┌────────

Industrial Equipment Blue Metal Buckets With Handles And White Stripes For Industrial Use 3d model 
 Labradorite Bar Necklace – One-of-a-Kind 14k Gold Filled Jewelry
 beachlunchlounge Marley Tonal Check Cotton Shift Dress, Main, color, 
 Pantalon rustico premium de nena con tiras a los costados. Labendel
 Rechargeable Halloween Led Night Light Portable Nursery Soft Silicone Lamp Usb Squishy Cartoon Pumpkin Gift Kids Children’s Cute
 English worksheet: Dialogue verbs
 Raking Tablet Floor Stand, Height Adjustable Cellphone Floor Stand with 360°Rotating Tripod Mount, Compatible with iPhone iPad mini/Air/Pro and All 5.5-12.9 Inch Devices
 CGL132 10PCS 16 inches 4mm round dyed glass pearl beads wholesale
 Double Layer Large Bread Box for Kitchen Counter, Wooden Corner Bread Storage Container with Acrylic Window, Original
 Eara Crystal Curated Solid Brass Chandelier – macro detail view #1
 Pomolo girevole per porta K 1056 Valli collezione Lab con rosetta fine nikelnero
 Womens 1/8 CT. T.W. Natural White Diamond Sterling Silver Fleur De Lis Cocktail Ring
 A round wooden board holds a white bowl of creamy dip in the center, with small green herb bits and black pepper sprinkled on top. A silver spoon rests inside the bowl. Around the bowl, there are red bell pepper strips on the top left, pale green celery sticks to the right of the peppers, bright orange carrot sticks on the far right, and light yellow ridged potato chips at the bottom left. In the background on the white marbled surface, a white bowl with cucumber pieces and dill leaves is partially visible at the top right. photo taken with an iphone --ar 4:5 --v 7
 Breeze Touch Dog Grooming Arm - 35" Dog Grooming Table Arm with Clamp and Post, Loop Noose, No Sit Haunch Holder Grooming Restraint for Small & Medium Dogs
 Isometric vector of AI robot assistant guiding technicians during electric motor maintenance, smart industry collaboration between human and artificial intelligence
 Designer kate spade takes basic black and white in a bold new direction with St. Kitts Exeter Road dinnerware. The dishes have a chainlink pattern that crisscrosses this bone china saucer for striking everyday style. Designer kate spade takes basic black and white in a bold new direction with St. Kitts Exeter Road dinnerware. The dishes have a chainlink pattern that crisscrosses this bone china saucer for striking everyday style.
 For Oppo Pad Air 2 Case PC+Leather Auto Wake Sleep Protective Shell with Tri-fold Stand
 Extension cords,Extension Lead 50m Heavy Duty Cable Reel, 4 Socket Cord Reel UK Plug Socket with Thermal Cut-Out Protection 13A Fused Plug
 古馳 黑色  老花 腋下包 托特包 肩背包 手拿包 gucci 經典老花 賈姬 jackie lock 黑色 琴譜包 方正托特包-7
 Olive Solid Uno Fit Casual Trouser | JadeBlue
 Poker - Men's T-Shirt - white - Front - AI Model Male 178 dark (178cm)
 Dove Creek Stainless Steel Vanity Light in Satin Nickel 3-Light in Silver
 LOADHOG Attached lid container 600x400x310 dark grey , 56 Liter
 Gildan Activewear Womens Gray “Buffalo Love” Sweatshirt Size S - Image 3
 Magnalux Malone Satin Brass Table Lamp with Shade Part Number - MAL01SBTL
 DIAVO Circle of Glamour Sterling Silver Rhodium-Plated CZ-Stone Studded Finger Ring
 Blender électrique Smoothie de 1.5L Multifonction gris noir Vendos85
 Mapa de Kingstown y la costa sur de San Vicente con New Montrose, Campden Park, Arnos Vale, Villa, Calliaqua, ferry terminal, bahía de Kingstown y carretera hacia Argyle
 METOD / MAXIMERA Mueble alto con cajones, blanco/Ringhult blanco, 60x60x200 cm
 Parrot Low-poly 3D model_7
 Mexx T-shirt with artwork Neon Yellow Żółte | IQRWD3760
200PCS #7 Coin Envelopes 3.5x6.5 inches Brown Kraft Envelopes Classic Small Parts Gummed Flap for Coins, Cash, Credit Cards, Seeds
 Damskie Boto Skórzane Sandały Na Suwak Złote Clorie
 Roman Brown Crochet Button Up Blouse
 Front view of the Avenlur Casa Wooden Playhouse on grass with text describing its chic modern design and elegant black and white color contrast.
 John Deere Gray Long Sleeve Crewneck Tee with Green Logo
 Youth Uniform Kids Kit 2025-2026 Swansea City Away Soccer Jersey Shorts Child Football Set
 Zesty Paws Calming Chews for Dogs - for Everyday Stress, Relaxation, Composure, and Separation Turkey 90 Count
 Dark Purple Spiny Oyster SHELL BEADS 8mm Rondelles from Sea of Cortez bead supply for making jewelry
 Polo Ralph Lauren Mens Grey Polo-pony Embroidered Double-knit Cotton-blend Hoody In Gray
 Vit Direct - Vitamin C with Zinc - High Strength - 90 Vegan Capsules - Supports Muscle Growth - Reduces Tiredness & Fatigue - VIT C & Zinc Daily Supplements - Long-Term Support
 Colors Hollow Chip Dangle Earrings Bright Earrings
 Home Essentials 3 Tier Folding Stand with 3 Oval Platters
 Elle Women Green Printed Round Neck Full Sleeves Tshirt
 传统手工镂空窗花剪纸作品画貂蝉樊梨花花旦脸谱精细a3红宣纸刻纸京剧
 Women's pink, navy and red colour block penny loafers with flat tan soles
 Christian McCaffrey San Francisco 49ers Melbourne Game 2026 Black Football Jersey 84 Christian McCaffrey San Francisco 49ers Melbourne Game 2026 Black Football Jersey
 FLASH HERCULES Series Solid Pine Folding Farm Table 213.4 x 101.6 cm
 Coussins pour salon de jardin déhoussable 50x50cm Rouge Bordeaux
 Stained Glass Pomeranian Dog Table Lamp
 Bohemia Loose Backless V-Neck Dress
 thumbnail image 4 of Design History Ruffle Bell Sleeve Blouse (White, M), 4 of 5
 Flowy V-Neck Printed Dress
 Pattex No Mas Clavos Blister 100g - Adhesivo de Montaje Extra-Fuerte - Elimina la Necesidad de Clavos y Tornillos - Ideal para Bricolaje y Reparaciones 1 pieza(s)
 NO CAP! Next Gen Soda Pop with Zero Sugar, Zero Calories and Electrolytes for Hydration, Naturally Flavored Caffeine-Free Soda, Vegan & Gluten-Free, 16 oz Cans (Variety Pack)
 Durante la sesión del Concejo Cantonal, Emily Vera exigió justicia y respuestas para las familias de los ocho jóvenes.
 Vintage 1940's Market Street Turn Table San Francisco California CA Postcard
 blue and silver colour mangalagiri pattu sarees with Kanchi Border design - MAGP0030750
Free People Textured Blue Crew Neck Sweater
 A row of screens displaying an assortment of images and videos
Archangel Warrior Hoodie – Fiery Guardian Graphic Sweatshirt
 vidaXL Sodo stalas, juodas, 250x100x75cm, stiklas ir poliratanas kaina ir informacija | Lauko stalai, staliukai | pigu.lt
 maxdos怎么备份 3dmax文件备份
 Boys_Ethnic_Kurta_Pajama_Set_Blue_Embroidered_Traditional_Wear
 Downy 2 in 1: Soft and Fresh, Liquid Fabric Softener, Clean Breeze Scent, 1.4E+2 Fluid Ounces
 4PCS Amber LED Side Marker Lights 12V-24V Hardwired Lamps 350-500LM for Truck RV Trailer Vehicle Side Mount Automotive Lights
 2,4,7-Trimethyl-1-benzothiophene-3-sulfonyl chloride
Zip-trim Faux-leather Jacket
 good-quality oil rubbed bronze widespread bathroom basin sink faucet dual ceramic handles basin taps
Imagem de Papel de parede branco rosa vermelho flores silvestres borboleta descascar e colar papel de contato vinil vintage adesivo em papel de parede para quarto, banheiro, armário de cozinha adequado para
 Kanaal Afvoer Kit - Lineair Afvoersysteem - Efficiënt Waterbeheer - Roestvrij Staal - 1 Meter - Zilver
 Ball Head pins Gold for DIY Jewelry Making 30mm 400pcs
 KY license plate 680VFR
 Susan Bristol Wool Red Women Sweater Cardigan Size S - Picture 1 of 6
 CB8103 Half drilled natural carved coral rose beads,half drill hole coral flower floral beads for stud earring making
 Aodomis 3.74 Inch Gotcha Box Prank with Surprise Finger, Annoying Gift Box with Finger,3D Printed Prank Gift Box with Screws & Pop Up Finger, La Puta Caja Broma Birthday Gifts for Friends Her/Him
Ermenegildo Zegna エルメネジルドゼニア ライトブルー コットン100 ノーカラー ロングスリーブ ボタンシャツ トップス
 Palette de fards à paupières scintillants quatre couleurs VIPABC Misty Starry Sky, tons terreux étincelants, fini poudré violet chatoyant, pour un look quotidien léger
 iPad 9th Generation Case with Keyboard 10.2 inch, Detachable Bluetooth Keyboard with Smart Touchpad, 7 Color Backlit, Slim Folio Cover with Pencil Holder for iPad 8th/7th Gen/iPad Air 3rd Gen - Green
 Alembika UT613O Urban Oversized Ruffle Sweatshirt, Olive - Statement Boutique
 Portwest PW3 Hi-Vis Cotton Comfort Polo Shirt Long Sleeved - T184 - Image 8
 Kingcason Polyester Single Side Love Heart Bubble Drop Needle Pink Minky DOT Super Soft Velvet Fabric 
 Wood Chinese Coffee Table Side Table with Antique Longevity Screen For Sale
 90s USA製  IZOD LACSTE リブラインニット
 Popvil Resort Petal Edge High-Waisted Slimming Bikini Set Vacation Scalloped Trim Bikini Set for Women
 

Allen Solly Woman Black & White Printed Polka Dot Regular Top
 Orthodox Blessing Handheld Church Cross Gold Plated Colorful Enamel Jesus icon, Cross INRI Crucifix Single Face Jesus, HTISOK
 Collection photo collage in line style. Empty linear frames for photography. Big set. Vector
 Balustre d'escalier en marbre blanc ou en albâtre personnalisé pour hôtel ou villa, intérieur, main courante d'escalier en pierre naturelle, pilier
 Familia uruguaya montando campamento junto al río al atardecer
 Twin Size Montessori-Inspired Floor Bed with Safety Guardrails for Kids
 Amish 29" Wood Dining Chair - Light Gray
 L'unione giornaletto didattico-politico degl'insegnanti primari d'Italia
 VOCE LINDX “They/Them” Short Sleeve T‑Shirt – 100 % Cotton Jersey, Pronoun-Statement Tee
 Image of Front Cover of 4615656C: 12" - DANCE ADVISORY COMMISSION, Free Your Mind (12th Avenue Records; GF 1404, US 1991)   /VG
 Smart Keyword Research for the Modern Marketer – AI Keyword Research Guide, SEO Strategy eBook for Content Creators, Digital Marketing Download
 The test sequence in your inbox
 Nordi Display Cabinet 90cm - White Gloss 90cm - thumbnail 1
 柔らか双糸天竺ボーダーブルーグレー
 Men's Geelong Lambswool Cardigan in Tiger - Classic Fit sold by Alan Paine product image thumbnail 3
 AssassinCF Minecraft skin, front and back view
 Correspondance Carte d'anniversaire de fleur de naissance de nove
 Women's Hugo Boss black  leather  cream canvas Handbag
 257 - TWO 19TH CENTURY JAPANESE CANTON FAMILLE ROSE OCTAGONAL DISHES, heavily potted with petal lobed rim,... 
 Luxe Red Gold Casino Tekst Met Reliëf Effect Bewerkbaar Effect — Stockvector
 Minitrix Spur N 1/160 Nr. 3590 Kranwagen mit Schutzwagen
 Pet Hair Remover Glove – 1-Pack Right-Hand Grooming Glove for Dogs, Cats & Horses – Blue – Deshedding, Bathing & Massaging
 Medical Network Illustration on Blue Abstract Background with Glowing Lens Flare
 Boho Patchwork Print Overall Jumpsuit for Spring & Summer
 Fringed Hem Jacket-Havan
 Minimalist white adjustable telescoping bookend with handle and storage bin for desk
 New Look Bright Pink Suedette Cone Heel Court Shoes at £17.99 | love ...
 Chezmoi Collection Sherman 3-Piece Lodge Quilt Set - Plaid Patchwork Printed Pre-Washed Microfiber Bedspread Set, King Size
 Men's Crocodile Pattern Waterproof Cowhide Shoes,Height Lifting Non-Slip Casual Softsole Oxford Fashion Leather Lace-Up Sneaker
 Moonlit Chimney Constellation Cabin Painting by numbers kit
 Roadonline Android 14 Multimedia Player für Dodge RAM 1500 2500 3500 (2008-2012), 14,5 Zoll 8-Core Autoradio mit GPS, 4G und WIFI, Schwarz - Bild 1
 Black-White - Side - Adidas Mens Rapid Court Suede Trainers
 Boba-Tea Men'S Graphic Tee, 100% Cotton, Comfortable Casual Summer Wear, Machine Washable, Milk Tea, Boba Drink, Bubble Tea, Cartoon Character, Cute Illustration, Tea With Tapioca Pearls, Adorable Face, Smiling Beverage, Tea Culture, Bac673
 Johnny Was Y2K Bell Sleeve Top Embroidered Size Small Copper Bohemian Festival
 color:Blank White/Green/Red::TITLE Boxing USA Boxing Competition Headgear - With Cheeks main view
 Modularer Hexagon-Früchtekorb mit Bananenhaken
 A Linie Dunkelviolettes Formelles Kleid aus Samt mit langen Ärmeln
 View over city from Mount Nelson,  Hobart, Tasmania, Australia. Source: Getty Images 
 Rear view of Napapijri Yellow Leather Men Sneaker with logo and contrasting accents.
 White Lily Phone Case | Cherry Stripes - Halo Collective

└────────

__WHAT THIS TASK INVOLVES__. Using the entries above, repeat only the lines from the one containing "Parrot Low-poly 3D model_7" through the one containing "Roman Brown Crochet Button Up Blouse", end lines included.

__RESULT__.
 Parrot Low-poly 3D model_7
 Mexx T-shirt with artwork Neon Yellow Żółte | IQRWD3760
200PCS #7 Coin Envelopes 3.5x6.5 inches Brown Kraft Envelopes Classic Small Parts Gummed Flap for Coins, Cash, Credit Cards, Seeds
 Damskie Boto Skórzane Sandały Na Suwak Złote Clorie
 Roman Brown Crochet Button Up Blouse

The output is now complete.